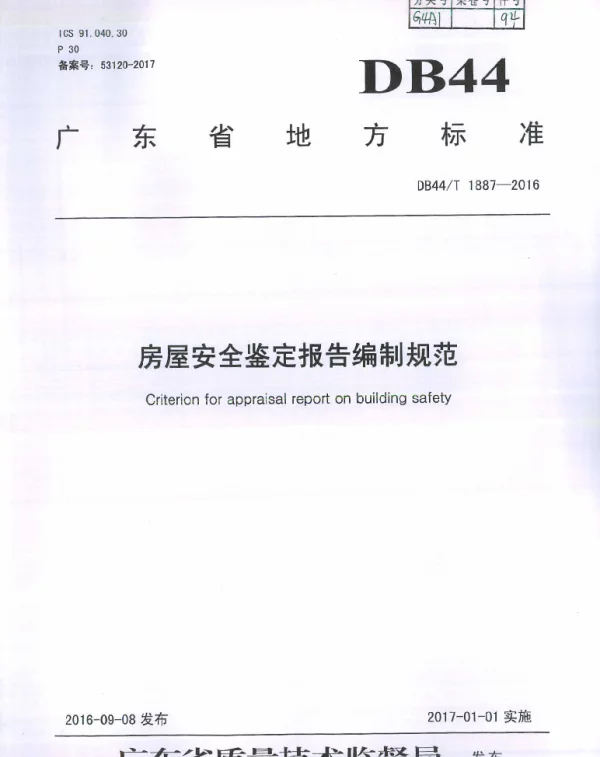 DB44T 1887-2016 房屋安全鉴定报告编制规范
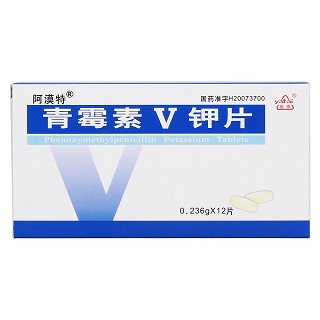 青霉素v鉀片價格 青霉素v鉀片價格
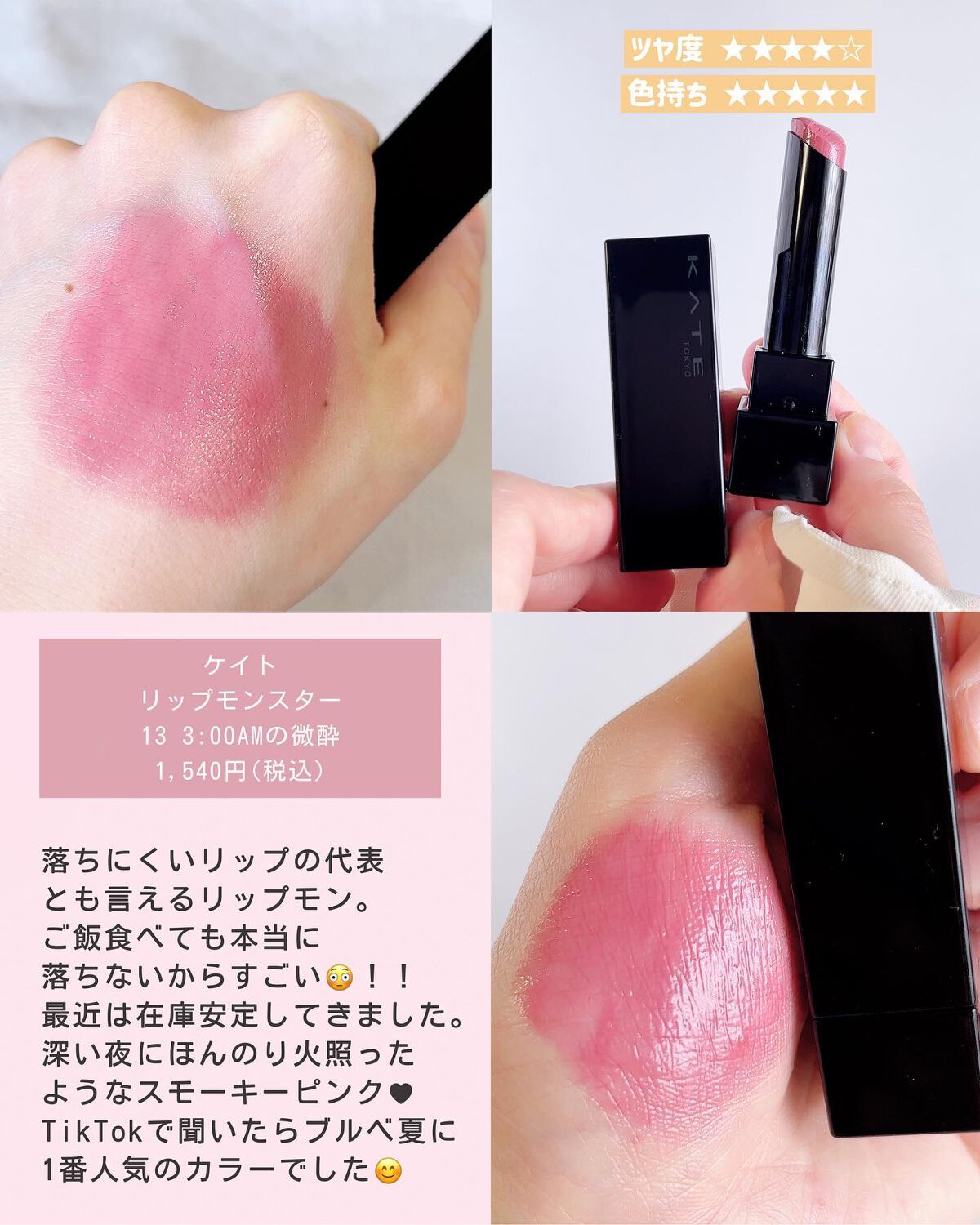 グッチ ルージュ ア レーヴル ヴォワル/GUCCI beauty/口紅を使ったクチコミ(4枚目)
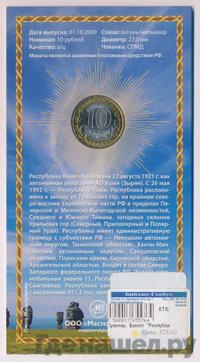 10 рублей 2009 года СПМД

----------------------------------------

→ Exercise brief: Starting with the line that contains "青霉素v鉀片價格 青霉素v鉀片價格", print every line through the end of the data exactly as written; omit all pictures and add nothing else.

→ Result of this exercise:
 青霉素v鉀片價格 青霉素v鉀片價格
 グッチ ルージュ ア レーヴル ヴォワル/GUCCI beauty/口紅を使ったクチコミ(4枚目)
 10 рублей 2009 года СПМД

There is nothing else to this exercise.